Die Leatt Glove DBX 1.0 und die 2.0 sind luftig und dünn und passen ganz gut. Es wäre bei mir in beiden Fällen größe L. M passt gerade aber die sind zu knapp. Die passform ist gut. Ich finde den Unterschied zwischen 1.0 und 2.0 nur minimal Ich werde wohl aber die 2.0 behalten da diese mir optisch besser gefallen.


----------



## Logic (7. März 2019)

Schreib doch vielleicht noch die Maße deiner Hand dazu, dann kann man sich unter 


Markusdr schrieb:


> Es wäre bei mir in beiden Fällen größe L.


etwas mehr vorstellen


----------



## Powermaniaxx (7. März 2019)

Ich habe auch die Fox Ranger Gel und bin mit denen zufrieden. Naht an den Fingerspitzen ist etwas gewöhnungsbedürftig, aber stört mich nicht weiter, sie stinken auch nicht.


----------



## cxfahrer (7. März 2019)

Richtig gute dünne Handschuhe habe ich jetzt von Lizardskins, keine Nähte spürbar, super Passform auch noch komplett nassgeschwitzt, keine Falten in der Innenhand. 
Fallen aber sehr straff und eher klein aus, im Gegensatz zB zu ONeal oder Sealskinz.


----------



## Powermaniaxx (8. März 2019)

cxfahrer schrieb:


> Richtig gute dünne Handschuhe habe ich jetzt von Lizardskins, keine Nähte spürbar, super Passform auch noch komplett nassgeschwitzt, keine Falten in der Innenhand.
> Fallen aber sehr straff und eher klein aus, im Gegensatz zB zu ONeal oder Sealskinz.

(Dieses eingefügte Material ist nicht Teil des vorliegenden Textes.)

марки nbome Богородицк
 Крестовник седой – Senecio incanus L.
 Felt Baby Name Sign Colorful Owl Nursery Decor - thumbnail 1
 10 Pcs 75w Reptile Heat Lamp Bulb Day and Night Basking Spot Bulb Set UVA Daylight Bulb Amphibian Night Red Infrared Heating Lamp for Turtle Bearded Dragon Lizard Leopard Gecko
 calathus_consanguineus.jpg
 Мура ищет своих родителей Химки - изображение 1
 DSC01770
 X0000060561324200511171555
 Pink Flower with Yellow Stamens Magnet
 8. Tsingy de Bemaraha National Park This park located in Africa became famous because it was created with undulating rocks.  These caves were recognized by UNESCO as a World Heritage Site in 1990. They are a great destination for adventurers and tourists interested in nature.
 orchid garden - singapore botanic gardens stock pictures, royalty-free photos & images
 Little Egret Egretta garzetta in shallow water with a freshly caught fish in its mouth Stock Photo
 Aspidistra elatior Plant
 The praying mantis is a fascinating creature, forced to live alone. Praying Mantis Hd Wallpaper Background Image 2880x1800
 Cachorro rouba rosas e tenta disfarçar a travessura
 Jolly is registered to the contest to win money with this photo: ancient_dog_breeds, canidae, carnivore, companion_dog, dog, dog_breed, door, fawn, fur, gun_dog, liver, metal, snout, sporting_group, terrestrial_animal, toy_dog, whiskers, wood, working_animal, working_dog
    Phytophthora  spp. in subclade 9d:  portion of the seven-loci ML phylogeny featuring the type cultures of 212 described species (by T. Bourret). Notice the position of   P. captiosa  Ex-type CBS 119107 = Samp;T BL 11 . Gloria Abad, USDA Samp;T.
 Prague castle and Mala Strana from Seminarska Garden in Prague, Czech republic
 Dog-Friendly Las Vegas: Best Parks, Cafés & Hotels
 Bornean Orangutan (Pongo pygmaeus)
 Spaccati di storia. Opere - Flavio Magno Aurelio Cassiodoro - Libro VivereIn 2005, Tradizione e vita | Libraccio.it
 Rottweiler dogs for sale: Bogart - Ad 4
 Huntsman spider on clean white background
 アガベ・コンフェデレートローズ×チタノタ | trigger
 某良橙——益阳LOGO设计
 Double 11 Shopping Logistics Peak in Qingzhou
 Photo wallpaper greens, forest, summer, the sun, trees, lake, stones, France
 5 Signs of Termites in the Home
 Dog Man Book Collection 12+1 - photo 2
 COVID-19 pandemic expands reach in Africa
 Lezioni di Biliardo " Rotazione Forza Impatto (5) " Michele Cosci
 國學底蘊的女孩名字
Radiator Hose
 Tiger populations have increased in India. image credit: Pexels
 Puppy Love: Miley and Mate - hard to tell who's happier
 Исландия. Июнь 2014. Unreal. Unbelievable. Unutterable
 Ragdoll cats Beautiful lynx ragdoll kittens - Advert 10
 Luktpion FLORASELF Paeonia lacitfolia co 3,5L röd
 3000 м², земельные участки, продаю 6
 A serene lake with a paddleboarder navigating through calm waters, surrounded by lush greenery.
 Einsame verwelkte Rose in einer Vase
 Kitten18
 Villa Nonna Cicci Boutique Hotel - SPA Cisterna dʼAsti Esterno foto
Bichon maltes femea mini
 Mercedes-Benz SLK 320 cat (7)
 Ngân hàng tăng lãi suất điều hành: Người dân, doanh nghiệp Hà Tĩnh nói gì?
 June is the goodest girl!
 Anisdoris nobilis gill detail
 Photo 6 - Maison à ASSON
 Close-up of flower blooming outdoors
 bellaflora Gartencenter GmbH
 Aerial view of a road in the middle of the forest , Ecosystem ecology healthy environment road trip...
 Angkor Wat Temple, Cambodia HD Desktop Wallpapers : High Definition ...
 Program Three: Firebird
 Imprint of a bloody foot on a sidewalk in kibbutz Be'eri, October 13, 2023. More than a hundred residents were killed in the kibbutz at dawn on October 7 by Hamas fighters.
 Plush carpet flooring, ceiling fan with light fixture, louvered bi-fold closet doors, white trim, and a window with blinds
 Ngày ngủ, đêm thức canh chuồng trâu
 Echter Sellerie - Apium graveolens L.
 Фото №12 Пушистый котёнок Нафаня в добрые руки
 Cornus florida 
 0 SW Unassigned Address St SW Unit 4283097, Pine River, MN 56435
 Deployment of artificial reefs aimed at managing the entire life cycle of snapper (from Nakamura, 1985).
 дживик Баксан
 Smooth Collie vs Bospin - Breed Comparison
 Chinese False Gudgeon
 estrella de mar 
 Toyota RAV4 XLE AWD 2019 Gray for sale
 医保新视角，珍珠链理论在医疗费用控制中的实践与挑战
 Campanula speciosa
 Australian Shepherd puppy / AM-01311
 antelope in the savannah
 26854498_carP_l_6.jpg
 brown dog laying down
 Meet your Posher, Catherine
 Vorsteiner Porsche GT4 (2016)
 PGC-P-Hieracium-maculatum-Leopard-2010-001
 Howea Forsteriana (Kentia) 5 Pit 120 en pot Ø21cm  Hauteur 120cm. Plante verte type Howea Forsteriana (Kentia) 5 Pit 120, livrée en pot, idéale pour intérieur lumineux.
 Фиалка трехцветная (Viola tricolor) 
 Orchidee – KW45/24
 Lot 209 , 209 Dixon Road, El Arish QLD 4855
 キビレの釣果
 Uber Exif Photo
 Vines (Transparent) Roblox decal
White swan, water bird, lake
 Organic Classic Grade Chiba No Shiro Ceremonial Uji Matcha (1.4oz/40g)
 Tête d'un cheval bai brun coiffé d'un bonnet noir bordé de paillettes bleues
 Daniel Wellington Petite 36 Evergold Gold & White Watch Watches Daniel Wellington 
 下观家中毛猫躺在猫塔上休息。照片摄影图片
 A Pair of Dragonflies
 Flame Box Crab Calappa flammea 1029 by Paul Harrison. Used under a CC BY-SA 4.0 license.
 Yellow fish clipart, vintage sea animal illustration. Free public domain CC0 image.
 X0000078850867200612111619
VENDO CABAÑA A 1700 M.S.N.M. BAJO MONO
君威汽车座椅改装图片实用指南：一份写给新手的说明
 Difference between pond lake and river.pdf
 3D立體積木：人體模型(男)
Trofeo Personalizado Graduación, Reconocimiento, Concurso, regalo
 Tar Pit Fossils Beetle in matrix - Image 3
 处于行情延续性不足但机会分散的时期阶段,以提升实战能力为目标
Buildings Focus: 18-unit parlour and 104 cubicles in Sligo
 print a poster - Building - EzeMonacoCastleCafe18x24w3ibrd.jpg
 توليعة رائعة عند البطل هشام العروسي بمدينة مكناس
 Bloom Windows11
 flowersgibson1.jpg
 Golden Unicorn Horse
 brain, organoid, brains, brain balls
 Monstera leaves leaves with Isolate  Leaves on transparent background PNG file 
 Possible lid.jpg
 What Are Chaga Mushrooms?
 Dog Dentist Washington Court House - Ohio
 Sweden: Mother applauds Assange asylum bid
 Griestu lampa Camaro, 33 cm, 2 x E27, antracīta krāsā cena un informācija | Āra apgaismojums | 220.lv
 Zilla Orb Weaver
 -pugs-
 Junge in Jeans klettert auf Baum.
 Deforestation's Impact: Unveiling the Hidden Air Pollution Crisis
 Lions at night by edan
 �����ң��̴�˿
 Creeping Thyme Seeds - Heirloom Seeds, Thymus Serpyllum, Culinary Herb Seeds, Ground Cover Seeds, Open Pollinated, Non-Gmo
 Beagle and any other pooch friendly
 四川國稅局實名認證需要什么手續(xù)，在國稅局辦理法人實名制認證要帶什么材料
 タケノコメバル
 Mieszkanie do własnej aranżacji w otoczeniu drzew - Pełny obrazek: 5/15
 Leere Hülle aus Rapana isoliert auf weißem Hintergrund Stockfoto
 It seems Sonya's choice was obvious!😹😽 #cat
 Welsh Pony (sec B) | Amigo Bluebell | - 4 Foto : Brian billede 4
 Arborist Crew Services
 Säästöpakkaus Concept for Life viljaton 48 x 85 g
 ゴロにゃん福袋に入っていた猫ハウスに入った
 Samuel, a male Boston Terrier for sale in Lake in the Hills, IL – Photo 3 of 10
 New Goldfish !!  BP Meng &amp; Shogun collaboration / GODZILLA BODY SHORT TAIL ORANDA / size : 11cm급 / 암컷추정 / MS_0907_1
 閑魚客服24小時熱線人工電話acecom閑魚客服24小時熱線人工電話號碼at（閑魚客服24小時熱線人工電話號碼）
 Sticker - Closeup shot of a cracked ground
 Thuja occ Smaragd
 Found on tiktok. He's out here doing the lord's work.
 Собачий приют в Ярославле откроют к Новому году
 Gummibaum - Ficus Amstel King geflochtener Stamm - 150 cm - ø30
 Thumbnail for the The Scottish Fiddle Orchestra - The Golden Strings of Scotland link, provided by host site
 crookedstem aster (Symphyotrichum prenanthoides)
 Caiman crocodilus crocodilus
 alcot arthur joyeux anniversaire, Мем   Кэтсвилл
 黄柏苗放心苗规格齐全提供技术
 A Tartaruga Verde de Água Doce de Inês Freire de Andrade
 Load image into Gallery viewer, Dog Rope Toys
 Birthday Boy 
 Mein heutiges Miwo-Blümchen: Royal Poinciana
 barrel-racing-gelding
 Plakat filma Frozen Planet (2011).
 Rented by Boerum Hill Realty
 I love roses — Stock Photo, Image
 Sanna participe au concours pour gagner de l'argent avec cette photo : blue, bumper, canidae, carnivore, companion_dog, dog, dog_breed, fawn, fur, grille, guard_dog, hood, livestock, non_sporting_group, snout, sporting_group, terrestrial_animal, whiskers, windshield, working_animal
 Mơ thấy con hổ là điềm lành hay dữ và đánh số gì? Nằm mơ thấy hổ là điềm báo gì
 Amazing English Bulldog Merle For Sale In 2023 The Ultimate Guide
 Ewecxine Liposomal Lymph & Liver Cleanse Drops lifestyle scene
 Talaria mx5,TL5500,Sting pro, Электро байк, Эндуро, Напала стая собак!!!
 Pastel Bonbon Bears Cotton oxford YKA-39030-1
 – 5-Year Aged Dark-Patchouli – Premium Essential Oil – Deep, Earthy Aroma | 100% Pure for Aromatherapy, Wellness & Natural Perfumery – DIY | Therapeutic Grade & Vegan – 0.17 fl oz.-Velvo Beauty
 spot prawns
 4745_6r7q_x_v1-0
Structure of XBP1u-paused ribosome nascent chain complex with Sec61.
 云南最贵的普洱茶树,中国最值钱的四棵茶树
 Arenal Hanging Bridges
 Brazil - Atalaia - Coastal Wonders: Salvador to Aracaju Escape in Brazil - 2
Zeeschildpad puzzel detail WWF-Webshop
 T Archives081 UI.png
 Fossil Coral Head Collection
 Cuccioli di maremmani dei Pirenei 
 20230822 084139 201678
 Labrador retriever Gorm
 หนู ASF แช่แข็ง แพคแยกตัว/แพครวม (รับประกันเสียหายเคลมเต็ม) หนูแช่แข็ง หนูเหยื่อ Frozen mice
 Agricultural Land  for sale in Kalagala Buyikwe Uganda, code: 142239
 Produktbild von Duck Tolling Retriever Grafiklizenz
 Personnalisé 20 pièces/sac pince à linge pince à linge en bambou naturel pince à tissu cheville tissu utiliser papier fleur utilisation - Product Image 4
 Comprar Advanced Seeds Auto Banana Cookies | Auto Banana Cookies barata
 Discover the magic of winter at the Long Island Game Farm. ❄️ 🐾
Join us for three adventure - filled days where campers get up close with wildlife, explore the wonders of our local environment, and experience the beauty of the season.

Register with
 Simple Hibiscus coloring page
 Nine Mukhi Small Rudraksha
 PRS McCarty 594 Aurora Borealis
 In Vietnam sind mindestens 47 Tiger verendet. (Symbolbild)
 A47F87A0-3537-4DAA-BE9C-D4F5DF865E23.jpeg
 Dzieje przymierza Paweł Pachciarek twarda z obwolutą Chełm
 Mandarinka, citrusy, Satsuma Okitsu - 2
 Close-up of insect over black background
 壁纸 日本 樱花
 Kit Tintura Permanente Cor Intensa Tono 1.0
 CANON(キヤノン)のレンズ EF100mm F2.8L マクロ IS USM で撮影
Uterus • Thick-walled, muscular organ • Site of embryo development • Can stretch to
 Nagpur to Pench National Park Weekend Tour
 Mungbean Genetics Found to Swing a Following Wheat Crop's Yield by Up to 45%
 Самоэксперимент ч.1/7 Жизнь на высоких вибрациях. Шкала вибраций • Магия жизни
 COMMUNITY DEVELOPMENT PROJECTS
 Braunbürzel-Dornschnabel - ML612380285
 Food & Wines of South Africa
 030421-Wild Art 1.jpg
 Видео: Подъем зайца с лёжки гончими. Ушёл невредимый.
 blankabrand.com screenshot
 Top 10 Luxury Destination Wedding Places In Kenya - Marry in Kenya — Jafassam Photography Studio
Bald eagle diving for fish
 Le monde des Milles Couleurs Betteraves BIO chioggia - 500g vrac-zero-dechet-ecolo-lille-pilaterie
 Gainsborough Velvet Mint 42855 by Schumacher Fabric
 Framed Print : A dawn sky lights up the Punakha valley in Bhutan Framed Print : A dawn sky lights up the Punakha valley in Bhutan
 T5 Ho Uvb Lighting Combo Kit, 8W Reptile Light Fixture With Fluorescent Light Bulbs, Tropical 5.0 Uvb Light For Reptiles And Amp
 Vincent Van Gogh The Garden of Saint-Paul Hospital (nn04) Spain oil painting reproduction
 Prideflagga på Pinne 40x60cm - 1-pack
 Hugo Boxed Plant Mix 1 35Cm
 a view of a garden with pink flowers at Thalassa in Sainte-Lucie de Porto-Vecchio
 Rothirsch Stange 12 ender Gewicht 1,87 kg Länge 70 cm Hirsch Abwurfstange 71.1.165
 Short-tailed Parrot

Sehen gut aus, hab mir die Monitor SL mal bestellt


----------



## Powermaniaxx (9. März 2019)

Meine Lizardskins Monitor SL sind heute gekommen.

Fazit: Absolut gleichwertig wie die Fox Ranger Gel. Beide Handschuhe tragen sich völlig identisch, die Stärken der GelPads sind gleich und auch die Nähte an den Fingerkuppen fühlen sich identisch an. Die Lizardskins haben im Gegensatz zu den Fox Belüftungslöcher auf Handrücken und Handinnenfläche. 

Ich behalte sie trotzdem


----------



## MTB-News.de




----------



## Markusdr (9. März 2019)

Moin,

so ich hab gestern eine schöne Runde mit den empfohlen Handschuhen von @Florent29 gemacht. In diesem, Fall waren es die Leatt Glove DBX 2.0 X-Flow Handschuh - black. Von den 1.0 hatte ich noch größe M aber die war direkt zu klein, da konnte ich ja keine Faust mehr machen. Da ich nicht genau weiß, wie man die Hand vermisst @Logic  , habe ich ein paar Bilder angehängt dazu. Demnach wären es 21,5cm Umfang und 18cm Länge.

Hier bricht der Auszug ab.